这三年里,他几乎每一天都在重复着同样的生活:天不亮就起床打坐修炼太虚真经,上午练习剑法基础,下午研读各类典籍,晚上继续打坐。日复一日,月复一月,从不间断。
天机峰上的生活清苦而单调。峰顶终年积雪,气候严寒,即便是在盛夏时节,夜晚的气温也低得令人发抖。林默住的那间小屋没有火炉,冬天的时候,被褥都能结上一层薄冰。但他从不抱怨,甚至觉得这种严酷的环境反而有助于修行——当你把所有的注意力都放在抵御寒冷上时,反而更容易进入入定的状态。
三年的时间,足以改变一个人。
林默从一个瘦弱的少年,长成了一个身姿挺拔的青年。他的个头蹿了一大截,肩膀宽阔,腰背笔直,常年习剑让他的手臂线条流畅而有力。他的面容依旧清秀,但轮廓变得更加分明,眉宇间多了一种不属于这个年纪的沉稳和坚毅。唯一没有变的是他的眼神,那双漆黑的眼睛始终清澈而深邃,像是两口看不见底的古井。
太虚真经,他修炼到了第三层。
按照苍梧宗的划分,太虚真经前三层为筑基期。第一层感应天地灵气,第二层灵气凝练成元力,第三层元力贯通全身经脉。大多数弟子从入门到筑基完成,需要五到十年的时间,而林默只用了三年,而且根基极为扎实,这在天机峰的历史上是绝无仅有的。
更让清玄子惊讶的是,林默在剑道上的天赋同样惊人。
苍梧宗的剑法分为基础剑诀、入门剑法、本门剑法三个层次。基础剑诀共三十六式,是剑法的根基,看似简单,实则每一式都蕴含着剑道的至理。大多数弟子需要花半年到一年的时间才能将三十六式练熟,而林默只用了三个月,而且每一式都练到了极为精准的程度。
入门剑法有四套,分别是清风剑法、流云剑法、落霞剑法、寒月剑法,每套三十六式,合起来共一百四十四式。林默用了一年的时间,将这四套剑法全部练到了炉火纯青的地步。

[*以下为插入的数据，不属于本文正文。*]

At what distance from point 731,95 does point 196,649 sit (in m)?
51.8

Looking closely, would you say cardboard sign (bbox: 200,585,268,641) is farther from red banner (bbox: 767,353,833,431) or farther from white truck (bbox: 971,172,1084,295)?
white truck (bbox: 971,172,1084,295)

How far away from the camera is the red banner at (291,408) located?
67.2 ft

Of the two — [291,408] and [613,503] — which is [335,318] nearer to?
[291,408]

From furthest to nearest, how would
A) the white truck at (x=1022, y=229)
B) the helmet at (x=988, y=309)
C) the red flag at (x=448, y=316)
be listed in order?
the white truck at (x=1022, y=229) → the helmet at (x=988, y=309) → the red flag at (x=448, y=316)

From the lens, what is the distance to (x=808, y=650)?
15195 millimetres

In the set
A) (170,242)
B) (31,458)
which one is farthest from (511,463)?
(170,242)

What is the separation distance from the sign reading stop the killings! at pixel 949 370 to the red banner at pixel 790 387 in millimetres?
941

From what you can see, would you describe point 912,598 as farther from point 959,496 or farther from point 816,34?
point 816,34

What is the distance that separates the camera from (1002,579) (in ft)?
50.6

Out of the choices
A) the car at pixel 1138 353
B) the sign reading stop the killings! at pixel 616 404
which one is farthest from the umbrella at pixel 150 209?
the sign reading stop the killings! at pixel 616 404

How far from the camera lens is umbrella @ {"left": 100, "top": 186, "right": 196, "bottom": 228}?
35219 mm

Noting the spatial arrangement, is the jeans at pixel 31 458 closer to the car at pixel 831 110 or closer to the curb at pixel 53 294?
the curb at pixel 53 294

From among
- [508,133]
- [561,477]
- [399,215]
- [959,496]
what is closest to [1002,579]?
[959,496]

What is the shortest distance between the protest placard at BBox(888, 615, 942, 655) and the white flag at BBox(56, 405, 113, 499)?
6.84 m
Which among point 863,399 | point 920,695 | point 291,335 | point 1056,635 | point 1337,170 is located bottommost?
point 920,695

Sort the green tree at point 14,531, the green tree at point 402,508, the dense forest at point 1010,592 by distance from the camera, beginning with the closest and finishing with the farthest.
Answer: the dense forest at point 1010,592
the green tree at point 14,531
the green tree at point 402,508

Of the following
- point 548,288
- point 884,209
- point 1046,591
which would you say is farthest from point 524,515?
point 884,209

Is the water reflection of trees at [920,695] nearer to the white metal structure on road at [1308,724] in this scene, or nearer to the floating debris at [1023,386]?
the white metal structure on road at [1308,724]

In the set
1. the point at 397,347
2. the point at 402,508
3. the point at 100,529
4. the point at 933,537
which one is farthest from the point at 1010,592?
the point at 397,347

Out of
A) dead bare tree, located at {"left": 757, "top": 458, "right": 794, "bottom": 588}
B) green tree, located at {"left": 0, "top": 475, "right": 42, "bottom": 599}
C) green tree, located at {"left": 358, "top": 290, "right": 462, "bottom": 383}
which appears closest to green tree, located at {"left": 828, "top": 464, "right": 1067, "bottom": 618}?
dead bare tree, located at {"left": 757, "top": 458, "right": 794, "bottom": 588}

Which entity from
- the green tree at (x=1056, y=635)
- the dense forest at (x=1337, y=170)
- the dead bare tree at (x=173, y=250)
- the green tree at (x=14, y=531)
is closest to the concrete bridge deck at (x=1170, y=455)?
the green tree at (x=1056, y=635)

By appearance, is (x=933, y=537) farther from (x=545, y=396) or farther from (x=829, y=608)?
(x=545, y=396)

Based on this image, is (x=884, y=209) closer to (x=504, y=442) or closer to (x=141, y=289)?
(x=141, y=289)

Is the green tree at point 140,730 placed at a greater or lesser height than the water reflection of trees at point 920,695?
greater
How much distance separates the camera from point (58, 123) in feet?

至于苍梧宗的本门剑法——苍梧九剑,林默已经开始练习前三剑了。
“小师弟的进步速度,简直不是人。”二师兄陈玄风曾经这样感叹过。他是天机峰上除了周瑾之外资历最老的弟子,入门已经八年,太虚真经才修炼到第三层,苍梧九剑也才练到第四剑。
大师兄周瑾倒是看得很开:“师父说过,修行之道,资质占三分,勤奋占七分。小师弟的天赋固然高,但他的勤奋你们也看到了。每天天不亮就起来练剑,一直练到深夜,三年如一日,从不间断。这样的毅力,我们几个师兄都比不上。”

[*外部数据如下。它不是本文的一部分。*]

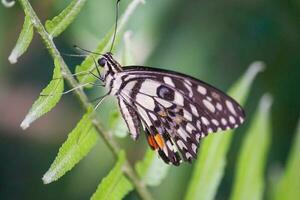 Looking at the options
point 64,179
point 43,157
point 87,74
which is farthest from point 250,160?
point 43,157

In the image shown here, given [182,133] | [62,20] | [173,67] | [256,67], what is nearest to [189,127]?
[182,133]

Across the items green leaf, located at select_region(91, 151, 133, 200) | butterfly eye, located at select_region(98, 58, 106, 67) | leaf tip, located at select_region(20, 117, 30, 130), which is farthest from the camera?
butterfly eye, located at select_region(98, 58, 106, 67)

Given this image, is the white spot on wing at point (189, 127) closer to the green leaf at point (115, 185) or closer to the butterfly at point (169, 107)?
the butterfly at point (169, 107)

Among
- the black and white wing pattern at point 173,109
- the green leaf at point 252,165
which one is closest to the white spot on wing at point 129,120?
the black and white wing pattern at point 173,109

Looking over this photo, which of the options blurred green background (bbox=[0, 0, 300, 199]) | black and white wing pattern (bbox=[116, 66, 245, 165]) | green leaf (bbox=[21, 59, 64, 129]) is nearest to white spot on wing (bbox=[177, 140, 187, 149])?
black and white wing pattern (bbox=[116, 66, 245, 165])

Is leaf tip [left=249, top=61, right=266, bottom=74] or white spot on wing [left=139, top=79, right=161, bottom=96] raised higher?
white spot on wing [left=139, top=79, right=161, bottom=96]

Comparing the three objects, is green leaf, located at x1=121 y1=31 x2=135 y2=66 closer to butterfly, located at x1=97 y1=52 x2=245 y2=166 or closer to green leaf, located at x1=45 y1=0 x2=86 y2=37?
butterfly, located at x1=97 y1=52 x2=245 y2=166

这话说得没错。林默的勤奋在天机峰上是出了名的。别人练剑一百遍,他练三百遍。别人打坐两个时辰,他打坐四个时辰。别人遇到不懂的地方就去问师兄问师父,他先自己琢磨,实在琢磨不出来才去问,而且问完之后还会举一反三,将学到的知识融会贯通。
这天清晨,林默照例在石坪上练剑。
天还没有亮,峰顶笼罩在一片浓重的雾气中,能见度不到三丈。林默手持听雨剑,闭目而立,一动不动地站在石坪中央。
忽然,他动了。
听雨剑划破雾气,带起一道银白色的弧光。剑势连绵不绝,一招接着一招,如行云流水,浑然天成。清风剑法的轻盈灵动、流云剑法的飘逸洒脱、落霞剑法的绚烂壮丽、寒月剑法的清冷孤高,四种截然不同的剑意在他手中交替呈现,却又和谐地融为一体,仿佛不是在练剑,而是在跳一支无声的舞蹈。

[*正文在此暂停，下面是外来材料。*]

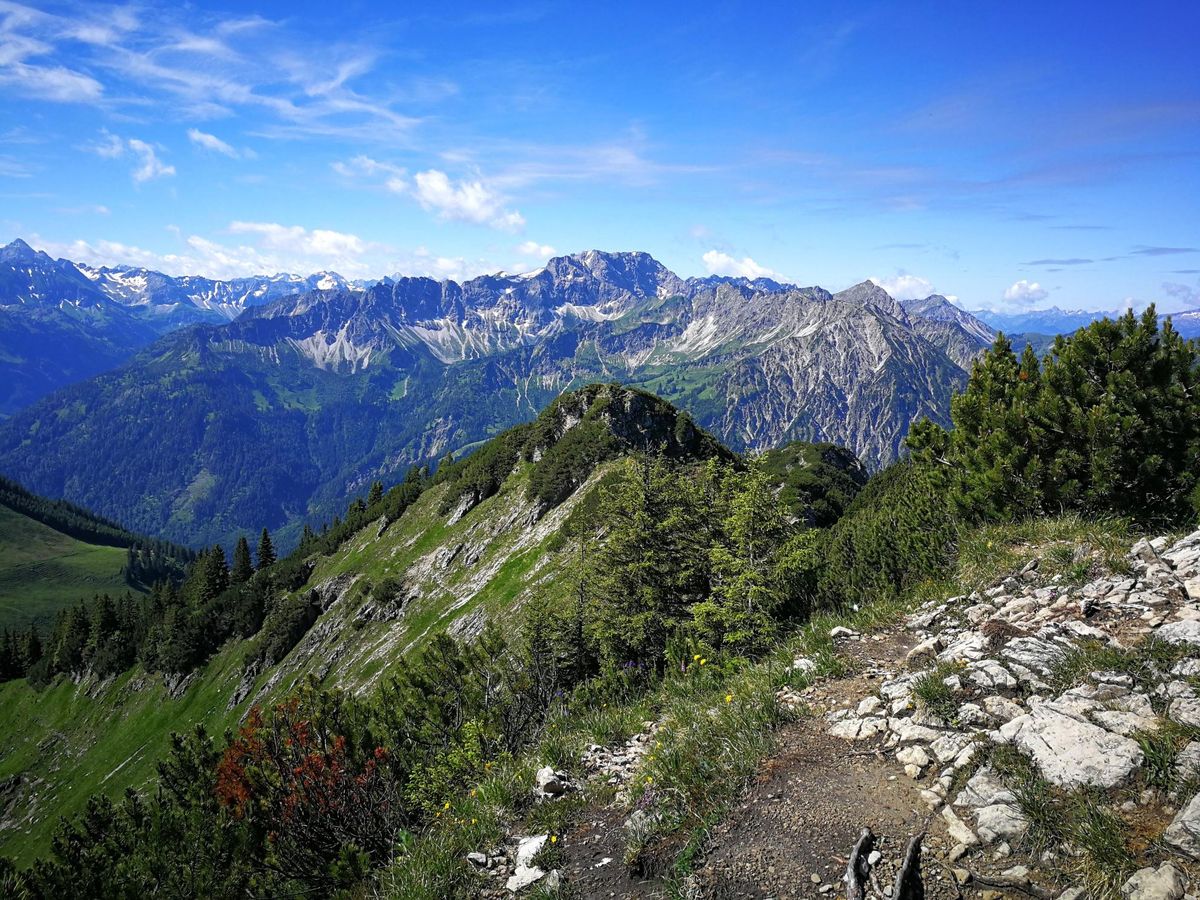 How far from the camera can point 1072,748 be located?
639 centimetres

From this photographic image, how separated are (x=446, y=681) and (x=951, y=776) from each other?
15.1 meters

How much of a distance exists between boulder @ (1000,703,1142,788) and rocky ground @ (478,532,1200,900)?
0.6 inches

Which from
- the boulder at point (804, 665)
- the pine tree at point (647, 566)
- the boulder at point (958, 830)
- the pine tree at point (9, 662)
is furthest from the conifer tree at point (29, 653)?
the boulder at point (958, 830)

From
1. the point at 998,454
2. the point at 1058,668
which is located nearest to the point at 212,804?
the point at 1058,668

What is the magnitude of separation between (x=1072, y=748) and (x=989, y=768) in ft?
2.74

雾气在他周围翻涌,被剑风带起的气流搅得支离破碎。剑身上散发出的淡淡灵光在雾气中留下一道道残影,远远望去,像是无数条银色的丝线在空中交织。
一套剑法练完,林默收剑而立,缓缓吐出一口浊气。
“好!”石坪边缘传来一声喝彩。
林默转头看去,只见大师兄周瑾不知何时已经来到了石坪上,正靠在栏杆上笑眯眯地看着他。
“大师兄。”林默收起剑,走过去。
周瑾比他大八岁,今年二十五,是天机峰上除了清玄子之外修为最高的弟子,太虚真经已经修炼到了第四层,踏入凝丹期,苍梧九剑也练到了第六剑。他身材高大,面容方正,笑起来的时候眼睛眯成一条缝,看起来人畜无害,但林默知道,这位大师兄的剑法极为凌厉,在天机峰弟子中无人能敌。
“小师弟,你的剑法是越来越好了。”周瑾拍了拍他的肩膀,“刚才那套寒月剑法,最后一式‘月落星沉’,你已经练出了几分剑意。入门不过三年就能做到这一步,大师兄我自愧不如。”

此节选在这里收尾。